My wife can actually tell that I’m not doing well by the fact that I had found and printed a new meal planning worksheet, and already picked out most of what we’re going to be eating next week – including snacks! – by the time Wednesday rolled around. See, when I’m anxious or feeling pessimistic, I like to put things on calendars or planners or spreadsheets. I exert some control over the present by exerting some control over the future. Which is supposed to make me feel better.

That’s why I think it’s the work of the Spirit, and not just your rector’s vacation schedule, that brought me to this Matthew passage this week.

This is one of those parables about “the kingdom of heaven”: Jesus tells a story about a householder who plants good things in their field, but an enemy came and sowed bad things by night. The servants are aghast and offer to go through and rip out the weeds. But oddly enough the householder tells them not to. He says “that’s not a job for you, and not a job for today.” Things will be sorted out at the end of the harvest. Someone else will come and separate the weeds from the wheat.

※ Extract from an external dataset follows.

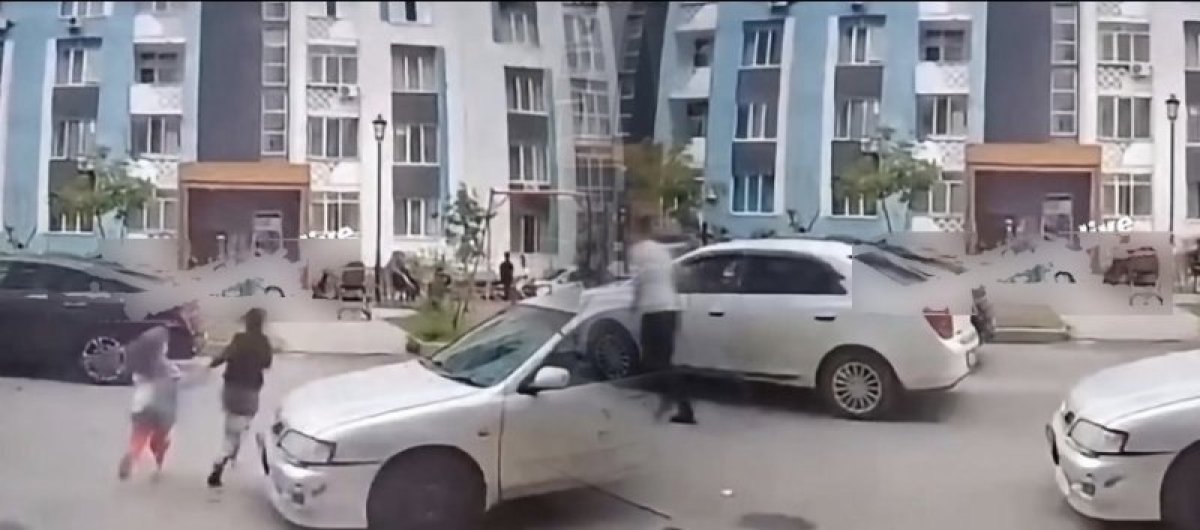 Алматы облысындағы тұрғын үй кешенінің ауласында екі баланы көлік қағып кетті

Several verses later, in what most scholars agree is probably a later addition – that is, a passage written by the evangelist but probably not spoken by Jesus – we get a neat explanation of how this parable is about, well, church. Which we all know to be true – you can pick your friends, and you can pick your nose… but you can’t pick who sits next to you at coffee hour or chats you in the Zoom.

I think though that this is a narrowing of the parable, which is meant to apply much more widely than just to the church. When Jesus says “the kingdom of heaven is like…”, he means “this is how God deals with all of creation.” As much as this applies to the church, it also applies to our world in general and to ourselves. Judgement belongs only to God, as it was in the beginning and evermore shall be.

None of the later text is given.